The goal is to determine metrics of an UDP protocol performance, specifically:
This could and should be done without taking in account any slow software-caused issues(like 99% cpu usage by side process, inefficiently-written test program), or hardware (like busy channel, extremely long line, so on)
How should I go with estimating these best-possible parameters on a "real system"?
PS. I would offer a prototype, of what I call "a real system".
Consider 2 PCs, PC1 and PC2. They both are equipped with:
And you run a server test program on PC1, and a client - on PC2. After program runs, USB stick is mounted and results are dumped to file, and system powers down then. So, I've described some ideal situation. I can't imagine more "sterile" conditions for such an experiment..
For the PPS calculations take the total size of the frames and divide it into the Throughput of the medium.
For IPv4:
Ethernet Preamble and start of frame and the interframe gap 7 + 1 + 12 = 20 bytes.(not counted in the 64 byte minimum frame size)
Ethernet II Header and FCS(CRC) 14 + 4 = 18 bytes.
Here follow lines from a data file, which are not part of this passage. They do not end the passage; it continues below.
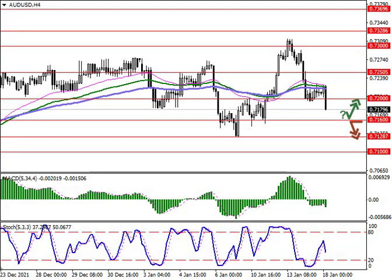Today we'll be reviewing the AUD/USD pair on the four-hour and daily chart. The Australian dollar shows an active decline against the U.S. currency during the Asian session, developing the corrective momentum of last Friday and testing the level of 0.72 for a breakdown. The U.S. dollar is again in demand on the market amid expectations of an increase in interest rates by the U.S. Fed.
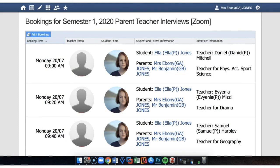Thanks for watching this video on using the Conferences module via a web browser.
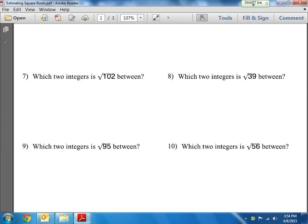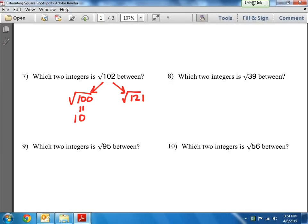Let's find a perfect square that's smaller, but close — as close as possible to 102. The closest one is 100. The square root of 100 equals 10. Now, a number that's bigger than 102 but also a perfect square is 121. The square root of 121 equals 11. So I know that the square root of 102 is somewhere between 10 and 11 — it's going to be a decimal between 10 and 11.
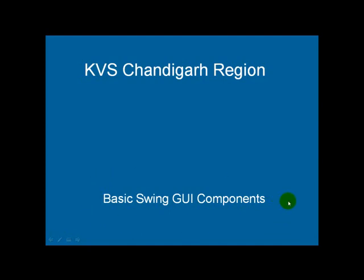In this video lesson, we shall discuss the basic Swing GUI components, that is graphical user interface components. In the previous lessons, we discussed the graphical user interface. With the help of the graphical user interface, it is very easy to interact with the computer application.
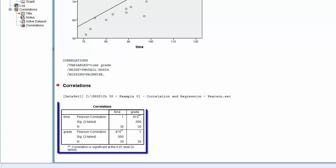The correlations table shows a strong positive correlation of 0.815 between Time and Grade. We also see that the p-value is less than 0.05, suggesting that this is a statistically significant correlation.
IP Header 20 bytes. UDP Header 8 bytes.
Total overhead 46 bytes(padded to min 64 if payload is less than ) + 20 bytes "more on the wire"
Payload(Data)
1 byte payload - becomes 18 based on 64 byte minimum + wire overhead. Totaling 84 bytes on the wire.
64 byte - 48 + 64 = 112 + 20 for the wire overhead = 132 bytes.
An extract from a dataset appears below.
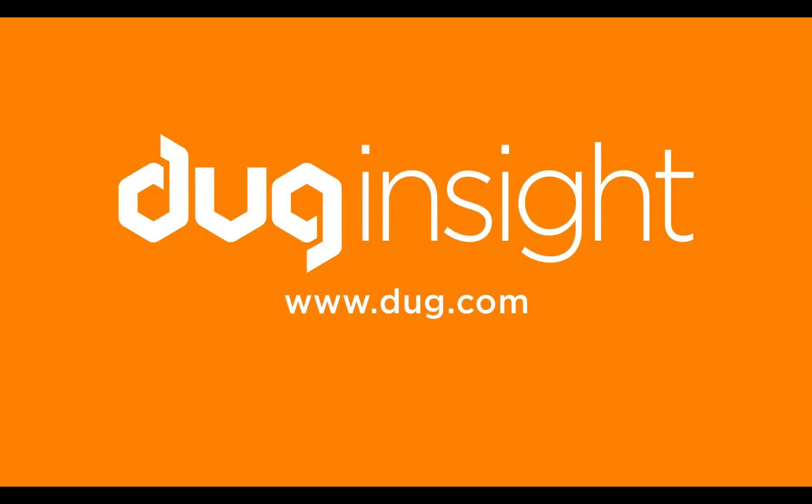If you have questions or would like to discover more, then visit our website at www.dug.com. And remember, have fun with Insight!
If the throughput of the medium is 125000000 bytes per second(1 Gb/s).
1-18 bytes of payload = 1.25e8 / 84 = max theoretical 1,488,095 PPS.
64 bytes payload = 1.25e8 / 132 = max theoretical 946,969 PPS.
These calculations assume a constant stream: The network send buffers are filled constantly. This is not an issue given your modern hardware description. If this were 40/100 Gig Ethernet CPU, bus speeds and memory would all be factors.
Ping RTT time:
To calculate the time it takes to transfer data through a medium divide the data transferred by the speed of the medium.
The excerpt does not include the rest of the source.